Records shown
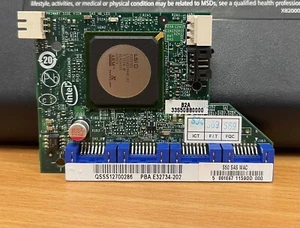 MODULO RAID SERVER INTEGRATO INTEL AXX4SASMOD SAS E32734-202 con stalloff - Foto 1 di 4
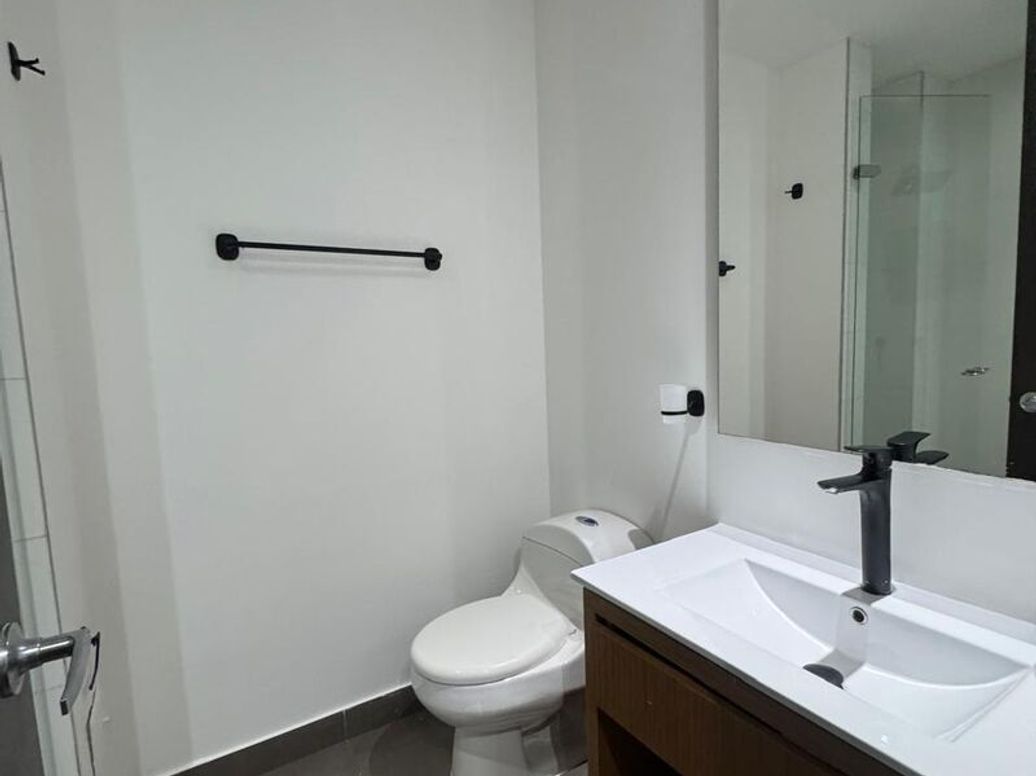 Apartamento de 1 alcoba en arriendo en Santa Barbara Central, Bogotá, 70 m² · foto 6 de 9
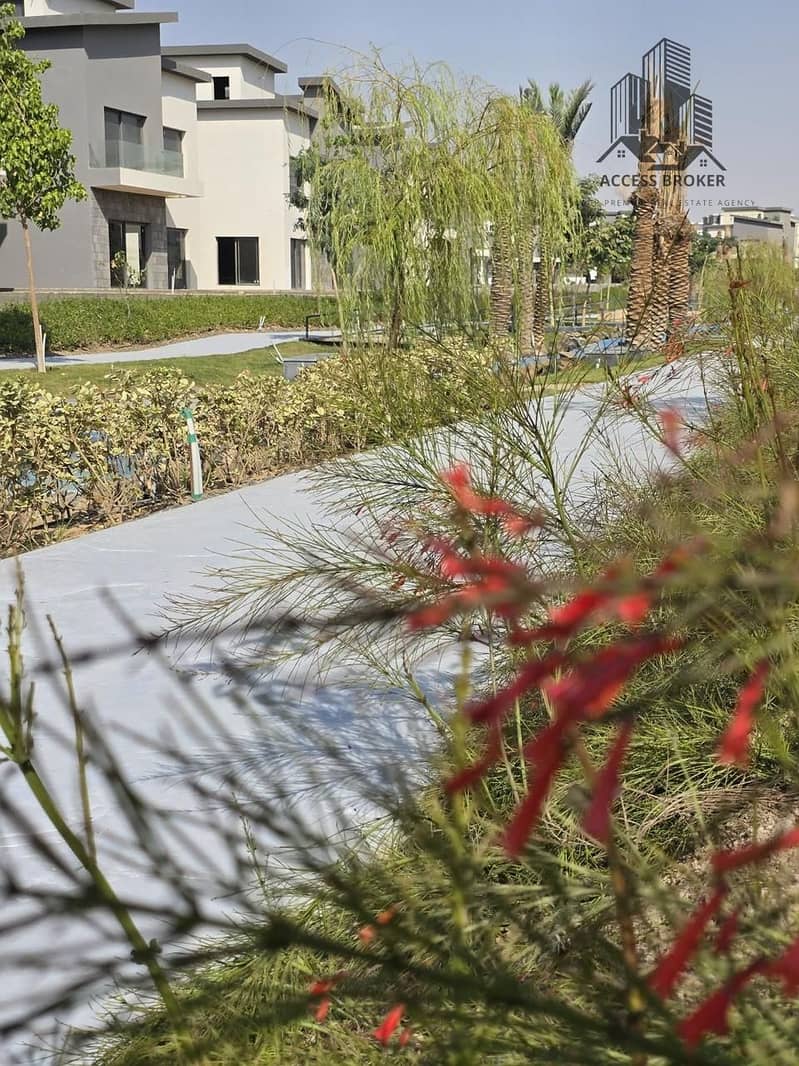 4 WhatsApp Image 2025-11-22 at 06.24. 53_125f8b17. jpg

--

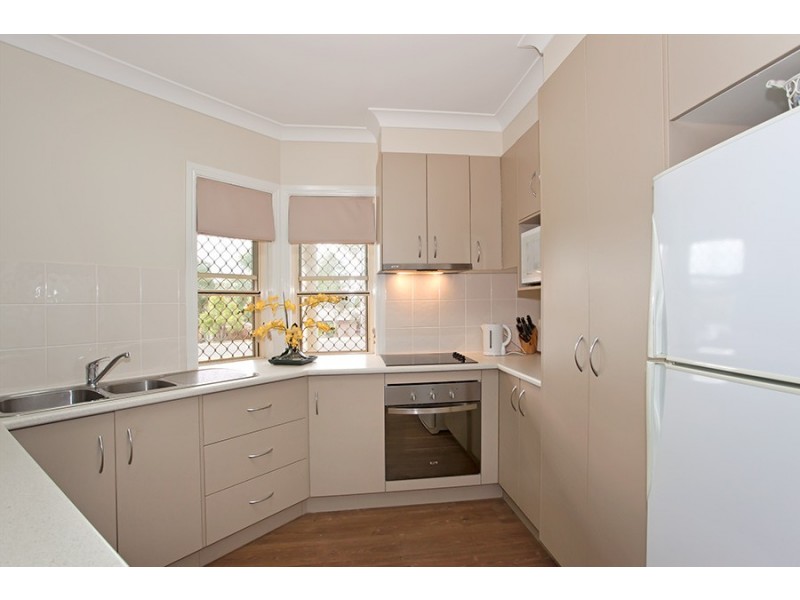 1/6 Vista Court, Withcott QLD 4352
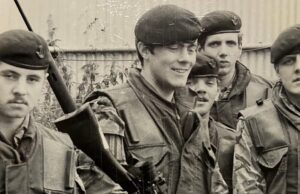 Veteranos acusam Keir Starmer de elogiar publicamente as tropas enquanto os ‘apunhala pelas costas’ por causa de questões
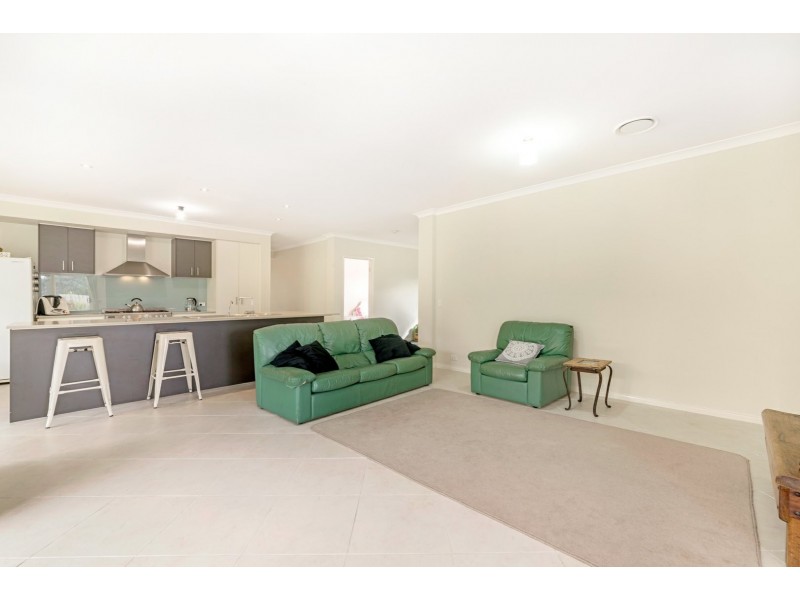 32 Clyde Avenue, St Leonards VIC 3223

Assignment
In the listing above, find the line with "MODULO RAID SERVER" and the line with "4 WhatsApp Image". Copy both of them and every line between, exactly, but not the pictures.

Exercise output
 MODULO RAID SERVER INTEGRATO INTEL AXX4SASMOD SAS E32734-202 con stalloff - Foto 1 di 4
 Apartamento de 1 alcoba en arriendo en Santa Barbara Central, Bogotá, 70 m² · foto 6 de 9
 4 WhatsApp Image 2025-11-22 at 06.24. 53_125f8b17. jpg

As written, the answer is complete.